The final impetus for the creation of such a movement came on the evening of September 28, 1960 when bomb blasts erupted on the former steps of the Presidential Palace while Fidel Castro gave a speech. Fidel Castro subsequently declared:

“We’re going to set up a system of collective vigilance; we’re going to set up a system of revolutionary collective vigilance. And then we shall see how the lackeys of imperialism manage to operate in our midst.
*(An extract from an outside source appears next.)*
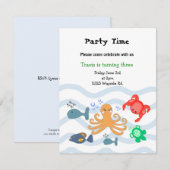 Invitation d'anniversaire de créatures marines (Devant / Derrière)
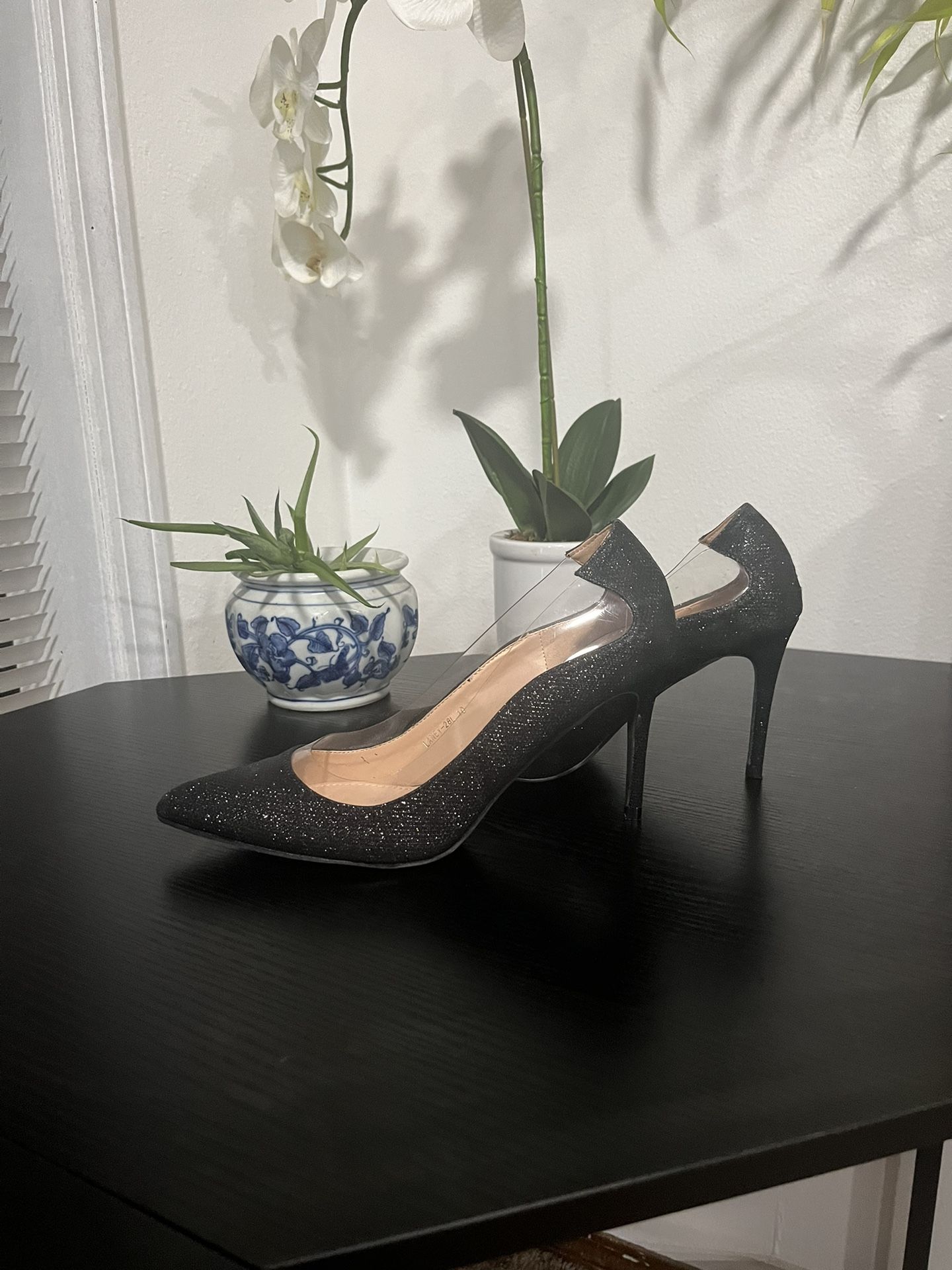 Sparkly black heels size 10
Because one thing is sure, we have people in all parts of the city; there’s not an apartment building in the city, not a corner, not a block, not a neighborhood, that is not amply represented here [in the audience]. In answer to the imperialist campaigns of aggression, we’re going to set up a system of revolutionary collective vigilance so that everybody will know everybody else on his block, what they do, what relationship they had with the tyranny [the Batista government], what they believe in, what people they meet, what activities they participate in. Because if they [the counterrevolutionaries] think they can stand up to the people, they’re going to be tremendously disappointed. Because we’ll confront them with a committee of revolutionary vigilance on every block... When the masses are organized there isn’t a single imperialist, or a lackey of the imperialists, or anybody who has sold out to the imperialist, who can operate”.[2]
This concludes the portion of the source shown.